» **Task statement**:
Using the exact wording, repeat every line of the material.

» **Data below**:
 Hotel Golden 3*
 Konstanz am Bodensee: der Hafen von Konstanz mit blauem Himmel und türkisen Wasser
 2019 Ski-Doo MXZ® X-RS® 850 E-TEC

» **Your solution**:
 Hotel Golden 3*
 Konstanz am Bodensee: der Hafen von Konstanz mit blauem Himmel und türkisen Wasser
 2019 Ski-Doo MXZ® X-RS® 850 E-TEC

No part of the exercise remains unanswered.